- Native name: حنا رحمه
- Church: Catholic Church
- Diocese: Eparchy of Baalbek-Deir El Ahmar
- Installed: 20 June 2015
- Predecessor: Simon Atallah

Orders
- Ordination: 29 July 1990
- Consecration: 1 August 2015 by Bechara Boutros al-Rahi

Personal details
- Born: 18 July 1960 (age 65) Aynata, South Governorate, Lebanon

= Hanna Rahmé =

Hanna Rahmé, OLM (born on 18 July 1960 in Aynata, Nabatiyeh Governorate, Lebanon) is the current Maronite eparch of the Maronite Catholic Eparchy of Baalbek-Deir El Ahmar.

==Life==

Hanna Rahmé entered on 6 August 1979 in the OLM and on 6 August 1989 made his religious vows. He received on 29 July 1990 his ordination to the priesthood.
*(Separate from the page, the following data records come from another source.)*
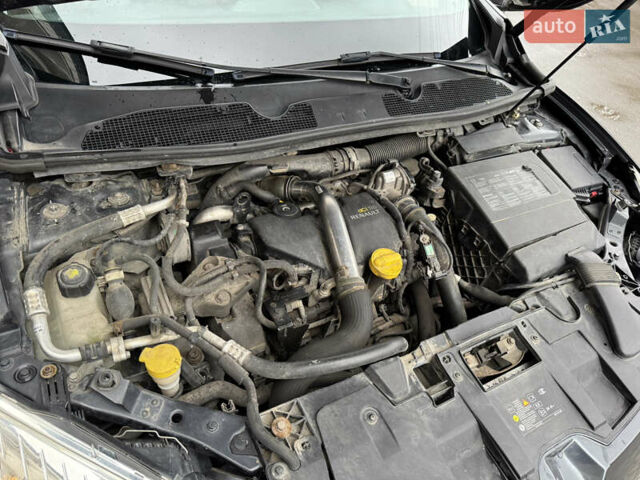 Сірий Рено Меган, об'ємом двигуна 1.5 л та пробігом 218 тис. км за 7200 $, фото 51 на Automoto.ua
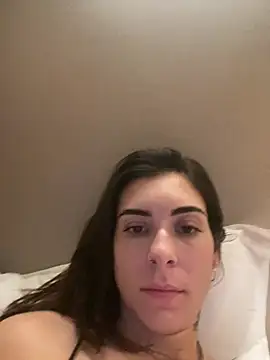 Snapshot of fer-nanda chatting on February 20, 7:21 am fer-nanda online show from February 20, 7:21 am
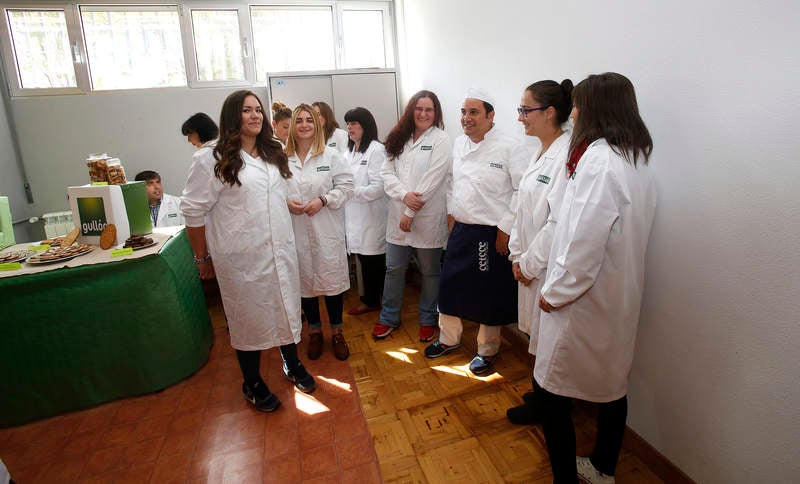 El nuevo consejero de Empleo, Carlos Fernández Carriedo, visita las instalaciones de Gullón en Aguilar de Campoo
The decision of the Synod of Maronite Church from 10 to 14 March 2015 convened to elected him bishop of Baalbek-Deir El Ahmar. Pope Francis approved his election as Bishop of Baalbek-Deir El Ahmar on 20 June 2015.

Rahmé was consecrated bishop on 1 August 2015 by Maronite Patriarch of Antioch Cardinal Bechara Boutros al-Rahi, OMM and his co-consecrators were Simon Atallah, Emeritus eparch of Baalbek-Deir El Ahmar, and Paul-Mounged El-Hachem, Titular bishop of Darnis.